Re: Working with huge amount of data.

From
Jonathan Ballet
Date:
Mario Lopez wrote:
> Hi guys :-), I am working on a personal project in which I am trying to
> make sense on a huge (at least for me) amount of data. I have
> approximately 150 million rows of unique words (they are not exactly
> words it is just for explaining the situation).
>
> The table I am inserting this is a quite simple table, something like this:
>
> CREATE TABLE "public"."names" (
> "id" SERIAL,
> "name" VARCHAR(255)
> ) WITHOUT OIDS;
>
> It is a requirement that I can make searches on the varchar with queries
> that look the following way:
>
> SELECT * FROM names WHERE name LIKE ‘keyword%’
> Or
> SELECT * FROM names WHERE name LIKE ‘%keyword%’
>
> I optimized the first type of queries making partitions with every
> letter that a name can begin with:

AFAIK, you only need to add an index on "name" to be able to speed up the first kind of queries.
Have a look at B-Tree description in [1].

  - Jonathan

[1] : http://www.postgresql.org/docs/8.3/interactive/indexes-types.html

Re: Working with huge amount of data.

From
Jeff
Date:
On Feb 11, 2008, at 10:37 AM, Mario Lopez wrote:

> SELECT * FROM names WHERE name LIKE ‘keyword%’

If you use the C locale, PG can use an index for this query
> Or
> SELECT * FROM names WHERE name LIKE ‘%keyword%’
>

But not this one - substring searches are painful.

However, there is some hope - you can checkout the pg_trgm module
which provides trigrams and indexing methods so '%foo%'  type
searches can be done very quickly.

Things like google don't usually index substrings, just full words,
which makes life easier.  They may also use trigrams and other things
of that nature if they need to do subtrings (trigrams can also be
used to provide "Did you mean...." results.

--
Jeff Trout <jeff@jefftrout.com>
www.dellsmartexitin.com
www.stuarthamm.net






Re: Working with huge amount of data.
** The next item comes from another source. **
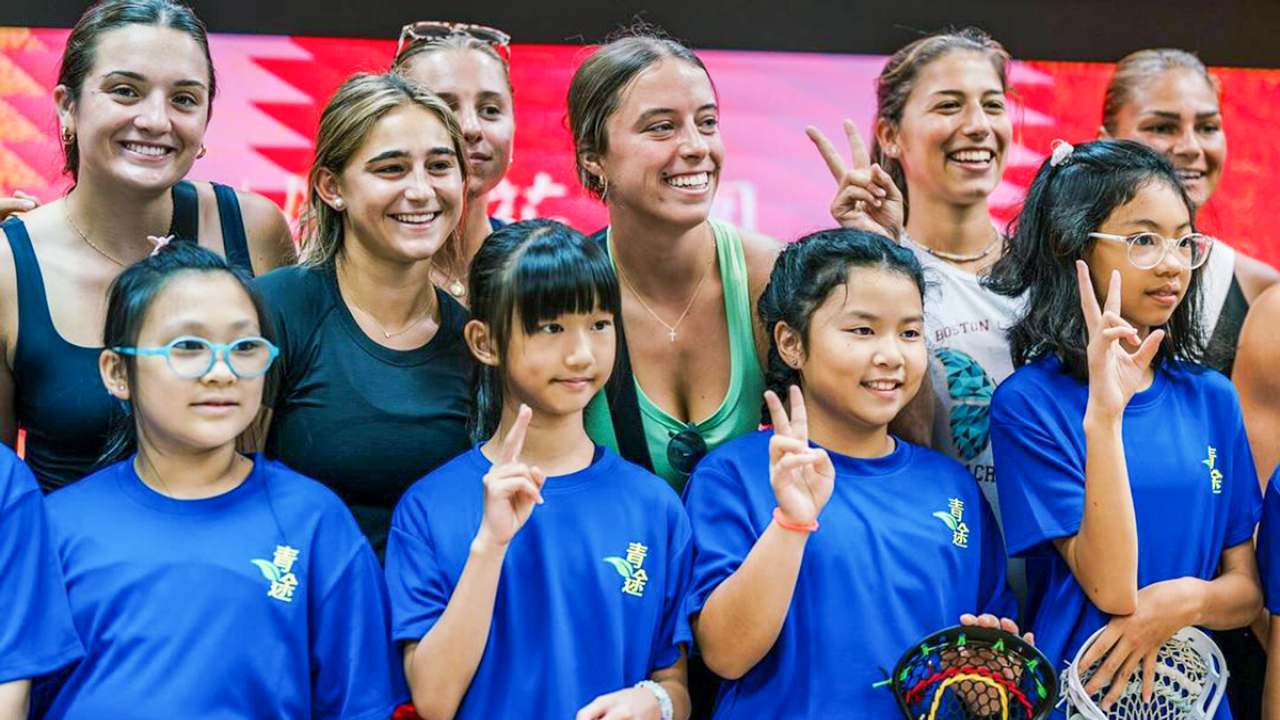 U.S. Women's U20 National Team members with students from the Shamshuipo Kaifong Welfare Association Primary School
RESULTS!

From
Mario Lopez
Date:
Hi!,

I optimized the LIKE 'keyword%' and LIKE '%keyword' with the following
results:

# time /Library/PostgreSQL8/bin/psql -U postgres -d testdb -c "select *
from table1 where varchar_reverse(data) like varchar_reverse('%keyword');"
real    0m0.055s
user    0m0.011s
sys     0m0.006s


# time /Library/PostgreSQL8/bin/psql -U postgres -d testdb -c "select *
from table1 where data like 'keyword%';"
real    0m0.026s
user    0m0.012s
sys     0m0.006s

It works flawlesly as you can see by the timings, take in consideration
that "table1" has 100 million records. The only problem is generating
the reversed index which takes like 20 minutes, I guess it has to do
with the plperl function, perhaps a C function for inverting would make
it up in less time.

The problem is still with the LIKE '%keyword%', my problem is that I am
not searching for Words in a dictionary fashion, suppose my "data" is
random garbage, that it has common consecutive bytes. How could I
generate a dictionary from this random garbage to make it easier for
indexing?

Thanks


> On Mon, Feb 11, 2008 at 04:37:24PM +0100, Mario Lopez wrote:
>
>> SELECT * FROM names WHERE name LIKE ‘keyword%’
>> Or
>> SELECT * FROM names WHERE name LIKE ‘%keyword%’
>>
>
> check this:
> http://www.depesz.com/index.php/2007/07/30/indexable-field-like-something/
> and this:
> http://www.depesz.com/index.php/2007/09/15/speeding-up-like-xxx/
>
> depesz
>
>


Re: Working with huge amount of data. RESULTS!

From
Alvaro Herrera
Date:
Mario Lopez wrote:

> The problem is still with the LIKE '%keyword%', my problem is that I am
> not searching for Words in a dictionary fashion, suppose my "data" is
> random garbage, that it has common consecutive bytes. How could I
> generate a dictionary from this random garbage to make it easier for
> indexing?

Using trigrams perhaps?  Try checking whether pg_trgm fits your needs.

--
Alvaro Herrera                                http://www.CommandPrompt.com/
The PostgreSQL Company - Command Prompt, Inc.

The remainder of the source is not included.